Just 0.075mm thick, the coating is almost transparent and invisible to the naked eye.
When heated by a flame, a series of chemical reactions turn the coating into a char that expands to more than 30 times its original thickness.
The char acts as fire insulation for the wood underneath, creating what NTU Singapore describes as a “flame barrier”.
At present, most fire safety is provided by fire-retardant panels, such as gypsum and magnesia boards.
The project was financed by S$250,000 from the NTUitive Gap Fund, a branch of NTU’s innovation and enterprise company.
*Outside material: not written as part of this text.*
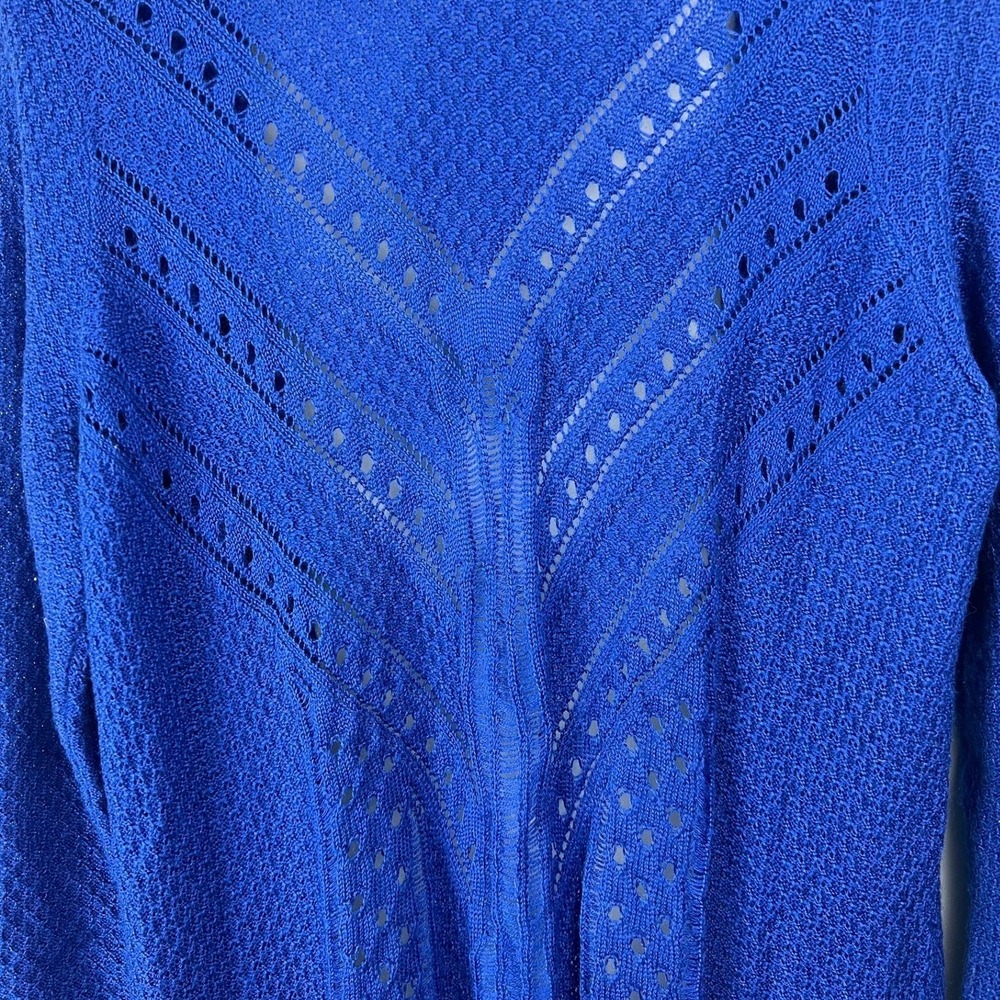 Laura Ashley Cobalt Blue Open Front Knit Cardigan Sweater PXL Duster Open Knit - Picture 5 of 8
Aravind Dasari, NTU Singapore associate professor, said: “Most timber or wooden panels only have a transparent coat that protects them from moisture, weather corrosion, termites or pests, and are not designed to withstand high heat. Thus, timber can still burn very quickly, especially if it is unprotected.”
“In our coating, we used technology to lock certain compounds and interact with the resin. They will actively participate in the chemical reactions in a systematic manner when exposed to high heat, thus leading to the formation of char. This char was engineered to be extremely heat-resistant, insulating the wood underneath from the high heat.”
Professor Louis Phee, NTU’s vice president of innovation and entrepreneurship, called the finding “an example of how fundamental research can be translated into commercial applications with high impact”.
NTU Singapore is working with companies to license the product and test its effectiveness and longevity.